What we build and where it comes from

Every component in MHF has a data source. The table below maps what we build, where the data originates, and how the Christian and secular parameterizations diverge.

What We Build	Source	Christian Context	Secular Context
Root Node	Architecture	God (Scripture, TLR Protocol). Authority=0.90, Sanctity=0.95	Social Consensus (AITA norms). Authority=0.09, Sanctity=0.07
Haidt Profile Weights	Social Chemistry 101 KJV Bible	Care 0.80 / Fairness 0.60 / Loyalty 0.75 / Authority 0.90 / Sanctity 0.95 / Liberty 0.45	Care 0.47 / Fairness 0.18 / Loyalty 0.19 / Authority 0.09 / Sanctity 0.07 / Liberty 0.00
Relationship Weights	Social Chem Theology	God-Self 1.0, Spouse 0.9, Parent-Child 0.85, Church 0.7, Enemy 0.3	Spouse 0.91, Stranger 0.91, Parent-Child 0.90, Friend 0.85, Community 0.87
Constraint Library	BSB Norm Bank 1.7M	Scripture-derived commandments with internal exception logic	Crowdsourced rules-of-thumb with agreement thresholds
Scenario Graph Extraction	LLM Pipeline	Same pipeline, different baseline weights applied	Same pipeline, secular baseline weights applied
Cultural Validation	UniMoral Pew	High-Authority+Sanctity countries should match Christian params	WEIRD-country profiles should match secular params
Perturbation Tests	Generated	25/25 pass (100%). Relationship changes flip judgments as predicted.

Implemented vs pending

What we have done vs. what remains

✓ Completed

Secular weight extraction from Social Chemistry 101 (175K entries) + Norm Bank (178K entries)
Christian weight calibration from BSB + Foundation Alignment seed + 4 theological sources
Perturbation sensitivity test suite -- 25/25 pass across 5 dilemma families
Round 12 variance experiment -- 20 agents, 5 dilemmas, showing LLM convergence around a common response pattern
Graph data structures (MoralGraph, Node, Edge, Constraint classes)
Constraint propagation engine with bottom-up/top-down passes
Two parameterized hierarchy templates (Christian, Secular American)

○ Remaining Gaps

UniMoral integration -- individual Haidt profile parameterization and prediction validation
Pew 25-country data ingestion and cross-cultural ground-truth comparison
Multi-columnist prediction experiment (Dear Abby vs. pastoral counsel vs.
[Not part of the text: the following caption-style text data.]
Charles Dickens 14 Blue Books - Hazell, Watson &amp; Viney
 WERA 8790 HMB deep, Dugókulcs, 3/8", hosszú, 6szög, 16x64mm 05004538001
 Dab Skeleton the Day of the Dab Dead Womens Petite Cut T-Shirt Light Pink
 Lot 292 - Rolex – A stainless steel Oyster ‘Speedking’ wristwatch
Confucian advisor)
Advice column mining pipeline for training data
Non-English moral tradition expansion (Confucian, Islamic, Hindu roots)
Multi-turn elicitation benchmark with Monte Carlo evaluation
Liberty axis measurement (Social Chemistry 101 does not label it -- Liberty is 0.00 in secular weights)
Cross-validation against MoReBench 500+150 dilemma set with hierarchy-aware rubrics

Evidence pipeline

How data flows through the framework

Raw moral data enters from three directions: crowdsourced norms, normative texts, and survey responses. Each feeds a different layer of the Moral Hierarchy Graph before constraint propagation produces a prescriptive judgment.

1

Raw Moral Data

AITA posts, Bible verses, Pew responses, UniMoral dilemmas + annotator profiles

270K + 31K + 25-country + 6-lang

2

Norm Extraction

Social Chemistry RoTs, scripture constraints, Haidt foundation labels, cross-cultural profiles

356K RoTs / 1.7M norms

3

Weight Calibration

Haidt profile vectors, relationship base weights, constraint strength scores

weights.json (secular + christian)

4

Graph Construction

Stakeholder nodes, obligation edges, parameterized root node, exception conditions

MoralGraph(V, E, w, C, theta)

5

Constraint Propagation

Bottom-up evidence, top-down decisions, prescriptive output with full auditability

"Because X, you should Y"

Reader takeaway

Why this architecture matters for moral AI

Every existing moral AI -- Delphi, ETHICS, MoReBench -- treats morality as flat classification. Good, bad, or "it depends." They cannot explain whose morality, why it matters, or what happens when you change the relational context. MHF can.

The three datasets below are not decorative. AITA gives us the secular Overton window. UniMoral is the target for predicting individual judgments from moral profiles. Pew lets us test country-level patterns across 25 countries. Together, they move the project toward "Because of X, you should do Y" -- with the receipts to show exactly why.